Previous approaches to the production of these textiles are complicated and influence the haptics of the material. The new method makes it possible to convert textiles and garments into e-textiles, without affecting their original properties — they remain thin, stretchable and supple. This creates new options for quick and versatile experimentation with new forms of e-textiles and their integration into IT devices.

“Especially for devices worn on the body, it is important that they restrict movement as little as possible and at the same time can process high-resolution input signals,”explains Paul Strohmeier, one of the initiators of the project and a scientist in Steimle’s research group. To achieve this, the Saarbrücken researchers are using the in-situ polymerization process. Here, the electrical properties are “dyed” into the fabric: a textile is subjected to a chemical reaction in a water bath, known as polymerization, which makes it electrically conductive and sensitive to pressure and stretching, giving it so-called piezoresistive properties. By “dyeing” only certain areas of a textile or polymerizing individual threads, the computer scientists can produce customized e-textiles.

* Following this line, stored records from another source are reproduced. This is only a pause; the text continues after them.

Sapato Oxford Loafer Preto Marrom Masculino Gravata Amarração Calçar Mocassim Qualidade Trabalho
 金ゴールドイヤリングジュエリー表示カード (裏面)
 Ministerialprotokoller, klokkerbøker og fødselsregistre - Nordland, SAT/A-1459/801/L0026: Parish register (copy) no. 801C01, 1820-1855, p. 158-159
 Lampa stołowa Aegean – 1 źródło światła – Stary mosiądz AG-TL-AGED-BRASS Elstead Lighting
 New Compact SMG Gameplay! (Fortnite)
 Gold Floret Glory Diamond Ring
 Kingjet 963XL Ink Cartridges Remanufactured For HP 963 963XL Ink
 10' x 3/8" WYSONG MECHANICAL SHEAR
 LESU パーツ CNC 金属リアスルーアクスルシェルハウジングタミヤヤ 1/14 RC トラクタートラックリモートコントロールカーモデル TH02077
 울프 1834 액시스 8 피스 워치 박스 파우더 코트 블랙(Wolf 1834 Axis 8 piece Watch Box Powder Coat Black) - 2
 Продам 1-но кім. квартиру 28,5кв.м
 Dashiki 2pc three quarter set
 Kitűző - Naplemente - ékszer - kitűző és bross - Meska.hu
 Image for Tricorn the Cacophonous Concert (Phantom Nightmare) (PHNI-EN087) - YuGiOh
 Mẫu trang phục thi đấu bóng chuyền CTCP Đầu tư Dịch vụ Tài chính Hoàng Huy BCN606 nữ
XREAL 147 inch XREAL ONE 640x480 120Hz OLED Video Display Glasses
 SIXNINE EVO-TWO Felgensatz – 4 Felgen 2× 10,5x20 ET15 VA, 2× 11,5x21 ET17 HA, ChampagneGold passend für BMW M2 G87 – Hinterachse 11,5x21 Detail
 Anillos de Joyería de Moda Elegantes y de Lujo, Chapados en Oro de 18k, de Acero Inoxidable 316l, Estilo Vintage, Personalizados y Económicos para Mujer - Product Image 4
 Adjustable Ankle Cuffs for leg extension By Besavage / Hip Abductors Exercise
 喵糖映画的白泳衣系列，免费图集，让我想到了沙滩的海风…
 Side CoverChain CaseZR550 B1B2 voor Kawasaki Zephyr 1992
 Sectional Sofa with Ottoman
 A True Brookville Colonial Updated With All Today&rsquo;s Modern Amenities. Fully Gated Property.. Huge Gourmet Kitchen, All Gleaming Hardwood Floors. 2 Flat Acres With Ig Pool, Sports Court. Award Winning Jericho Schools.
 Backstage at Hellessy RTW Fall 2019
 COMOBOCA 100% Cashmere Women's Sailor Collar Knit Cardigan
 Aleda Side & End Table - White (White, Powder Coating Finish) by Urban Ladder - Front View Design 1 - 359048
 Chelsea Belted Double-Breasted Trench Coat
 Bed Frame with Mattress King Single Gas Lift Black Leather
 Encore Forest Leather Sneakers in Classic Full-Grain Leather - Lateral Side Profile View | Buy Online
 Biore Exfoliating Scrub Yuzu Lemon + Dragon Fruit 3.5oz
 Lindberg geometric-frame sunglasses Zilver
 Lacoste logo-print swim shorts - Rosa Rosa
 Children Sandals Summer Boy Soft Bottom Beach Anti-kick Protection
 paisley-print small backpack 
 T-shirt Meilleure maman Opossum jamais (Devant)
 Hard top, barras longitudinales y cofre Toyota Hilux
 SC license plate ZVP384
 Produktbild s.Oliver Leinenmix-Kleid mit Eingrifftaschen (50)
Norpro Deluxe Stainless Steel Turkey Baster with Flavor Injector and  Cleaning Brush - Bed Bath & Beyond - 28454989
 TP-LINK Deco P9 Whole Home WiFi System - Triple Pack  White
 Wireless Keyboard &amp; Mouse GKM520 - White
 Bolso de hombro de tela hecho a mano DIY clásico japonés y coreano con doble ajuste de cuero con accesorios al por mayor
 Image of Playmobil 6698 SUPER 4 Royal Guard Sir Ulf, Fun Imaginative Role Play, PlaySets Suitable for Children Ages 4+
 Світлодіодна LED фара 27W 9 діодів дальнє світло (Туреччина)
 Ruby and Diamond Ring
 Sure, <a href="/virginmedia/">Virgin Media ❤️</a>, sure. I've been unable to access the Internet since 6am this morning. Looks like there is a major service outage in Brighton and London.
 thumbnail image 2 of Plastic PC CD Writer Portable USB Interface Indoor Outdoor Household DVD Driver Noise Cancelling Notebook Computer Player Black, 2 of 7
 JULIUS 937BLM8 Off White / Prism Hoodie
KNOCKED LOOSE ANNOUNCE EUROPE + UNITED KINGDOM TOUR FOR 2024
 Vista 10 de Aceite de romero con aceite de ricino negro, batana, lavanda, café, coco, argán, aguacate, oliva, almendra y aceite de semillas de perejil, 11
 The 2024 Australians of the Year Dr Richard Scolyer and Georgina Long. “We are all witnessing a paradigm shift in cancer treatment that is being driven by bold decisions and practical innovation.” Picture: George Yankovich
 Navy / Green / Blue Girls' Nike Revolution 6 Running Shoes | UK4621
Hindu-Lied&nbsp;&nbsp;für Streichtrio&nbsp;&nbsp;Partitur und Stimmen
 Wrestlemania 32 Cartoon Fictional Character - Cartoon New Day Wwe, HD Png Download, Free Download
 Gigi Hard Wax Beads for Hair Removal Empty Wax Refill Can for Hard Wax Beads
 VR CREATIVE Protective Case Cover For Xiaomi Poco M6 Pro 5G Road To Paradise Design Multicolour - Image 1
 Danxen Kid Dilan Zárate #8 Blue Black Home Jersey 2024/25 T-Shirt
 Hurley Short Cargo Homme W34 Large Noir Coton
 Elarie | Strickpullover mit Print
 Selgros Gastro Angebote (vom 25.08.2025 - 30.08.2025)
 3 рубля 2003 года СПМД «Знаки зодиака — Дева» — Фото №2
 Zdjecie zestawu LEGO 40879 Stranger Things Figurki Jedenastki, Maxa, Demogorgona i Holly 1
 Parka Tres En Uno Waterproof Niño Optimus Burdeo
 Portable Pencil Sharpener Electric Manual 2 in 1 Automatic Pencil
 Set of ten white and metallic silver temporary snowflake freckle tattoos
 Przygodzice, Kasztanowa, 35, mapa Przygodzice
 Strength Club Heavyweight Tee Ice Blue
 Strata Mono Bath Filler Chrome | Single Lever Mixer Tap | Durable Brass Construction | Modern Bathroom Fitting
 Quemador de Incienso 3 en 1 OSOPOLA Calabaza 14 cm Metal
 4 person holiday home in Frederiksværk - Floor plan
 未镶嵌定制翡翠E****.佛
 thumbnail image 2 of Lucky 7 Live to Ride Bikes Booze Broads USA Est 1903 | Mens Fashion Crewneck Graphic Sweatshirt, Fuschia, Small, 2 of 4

In their test runs, the researchers have produced gloves that can digitally capture hand movements, a zipper that transmits different electric currents depending on the degree of opening, and sports tapes that act as user interfaces that are attached to the body.

Also, materials other than textiles can be treated with the process. Audrey Briot, an artist from Paris, has created an evening gown with touch-sensitive feathers that generate sounds via a computer when touched. She polymerized the feathers using the Saarbrücken computer scientists’ method. The dress was nominated for the STARTS Prize of the European Commission.

A scientific paper on the process entitled “PolySense: Augmenting Textiles with Electrical Functionality using In-Situ Polymerization” was written by the Human-Computer Interaction Research Group at the Saarland Informatics Campus at Saarland University. Participating researchers from Saarland University were Prof. Dr. Jürgen Steimle, Dr. Paul Strohmeier, Dr. Marc Teyssier and Dr. Bruno Fruchard. Also involved were Cedric Honnet (MIT Media Lab), Hannah Perner-Wilson (Kobakant) and Dr. Ana C. Baptista (CENIMAT/I3N, New University of Lisbon). The paper was published in 2020 at the ACM Conference on Computer Human Interaction (CHI).